Many noble Lords, in particular the noble Baroness, Lady Morris of Yardley, spoke about the importance of teachers. I agreed with much of what she said, as I often find myself doing. It was no accident that we called the schools White Paper The Importance of Teaching. It reflects the evidence that teachers make a critical contribution to the achievement of pupils and that we must do more to recruit the best graduates into the profession and retain the best teachers. I take the points made by the noble Lord, Lord Bichard, about setting out our plans. I agree with him about the importance of professional development. We are taking measures to improve teacher quality that do not require legislation, and we will be setting out our plans in the way that he suggests.

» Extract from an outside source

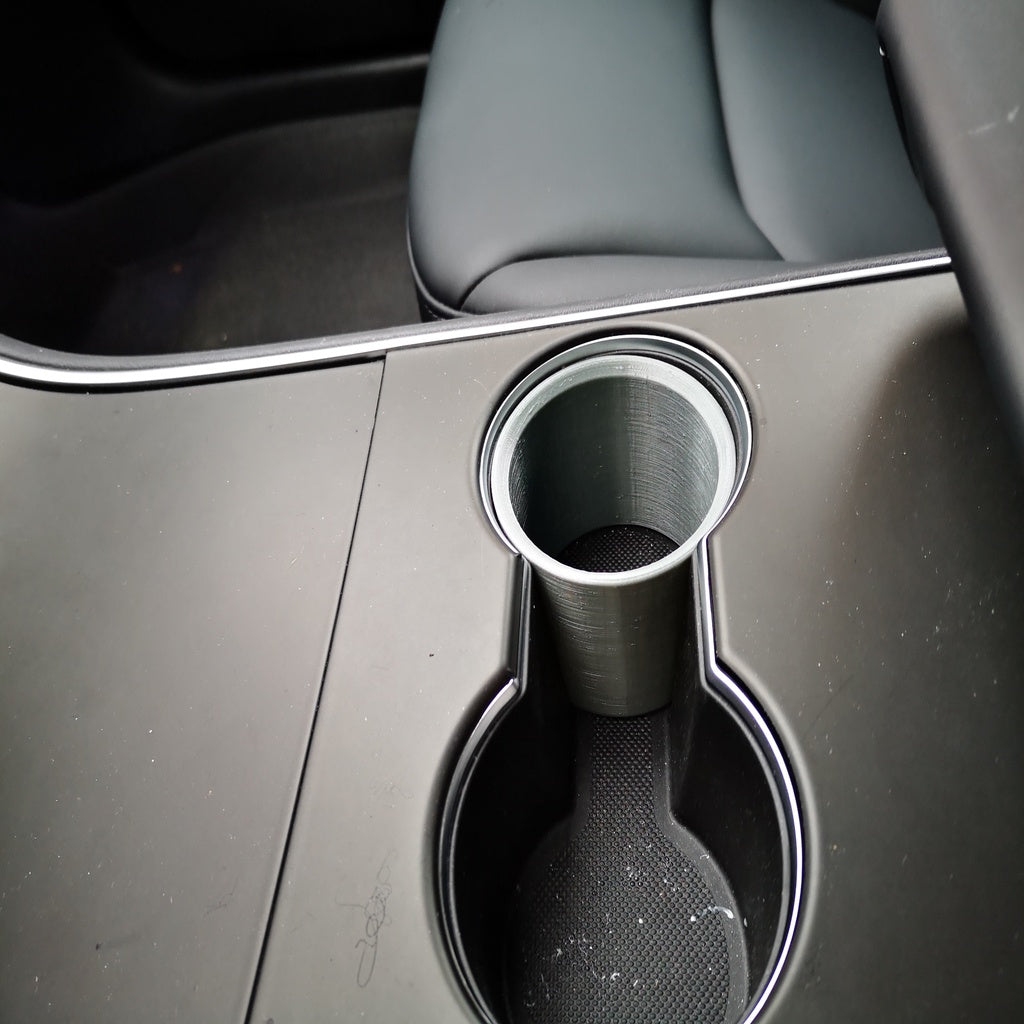 Sodapurkin pidike Tesla Model 3:lle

Some of the debate, however, highlighted some of the tension that seems to exist between our ambition to treat teachers as professionals who know best how to meet the individual needs of their pupils and wanting to require all schools to act in particular ways. My own view is that most teachers and school and college leaders are far better placed than Ministers to know how best to inspire, educate, and indeed discipline pupils. That brings me to the proposals on behaviour and discipline, about which it is fair to say there was a range of views.
Many noble Lords, including my noble friends Lady Perry, Lady Morris of Bolton and Lord Lingfield, supported the additional powers in the Bill on discipline, which build on those introduced by the previous Government through the ASCL Act 2009. The noble Lord, Lord Collins, spoke about bullying, in particular homophobic bullying, while the noble Baroness, Lady Howells of St Davids, spoke about racist bullying and the noble Baroness, Lady Whitaker, mentioned Gypsy, Roma and Traveller children in that context. We are working with external organisations, including those such as Stonewall, in helping schools to develop best practice on these issues, but it is important that the measures that we want to take to help entrench discipline will help to deal with the problems of bullying, in particular cyberbullying.

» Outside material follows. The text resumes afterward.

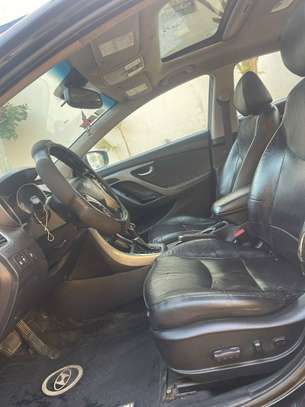 2015 / Hyundai Elantra / full option image 10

I recognise that other noble Lords, including my noble friend Lady Walmsley and the noble Baroness, Lady Howells of St Davids, had reservations about our measures and wanted to ensure that adequate safeguards are in place. The Government believe that the extension of powers are proportionate and necessary, and that they strike the correct balance between the rights of pupils and students and the powers that those running schools and colleges want to secure a safe environment for all—including, perhaps above all, the most vulnerable—in which to learn.
I am grateful to the Joint Committee on Human Rights for its scrutiny of the Bill. I see that its report welcomes the changes that we are making to extend free early years education and to improve behaviour and discipline in schools as they help children exercise their right to education. They are an important part of this Bill and our wider education reforms. I am confident in the rationale for the changes we are making and their compatibility with convention rights, but we are obviously considering the detail of the JCHR report and will clearly go on to debate the issues that it gives rise to as the Bill passes through Parliament. The department’s new expert adviser on behaviour, Mr Taylor, will be working with teaching schools to help ensure that best practice is shared both through initial teacher training and through school-to-school support, while working with existing initial teacher training providers to ensure best practice.
If I may, I shall say a few words on exclusions, concerns about which were expressed by the noble Lord, Lord Morris of Handsworth, my noble friend Lord Avebury and the noble Baroness, Lady Whitaker. A number of concerns were raised about the changes to the exclusion process made by Clause 4. I agree with those who argued that avoiding problems escalating to the point where exclusion is necessary at all is in the best interests of all concerned—the noble Baroness, Lady Grey-Thompson, made that point particularly persuasively. That is why we are trialling a new approach to exclusions aimed at encouraging exactly that. A similar approach in Cambridgeshire has had excellent results, cutting the number of children in PRUs from 700 to some 150. The Government intend to take forward trials to help deal with exclusions and give schools the budgets in the way that was suggested. Moreover, by ensuring that behaviour and achievement are core elements of the more focused Ofsted inspection framework, we will hold schools to account for ensuring an orderly, safe environment in which all pupils achieve.
Unfortunately, we cannot avoid exclusion in every circumstance. Schools must be allowed to make these difficult decisions in the interest of all pupils and staff. The revised process will provide an independent review in every case of permanent exclusion where a parent requests it. The panel’s decision will give governing bodies a clear indication that the exclusion has been unreasonable and return the case to them for consideration.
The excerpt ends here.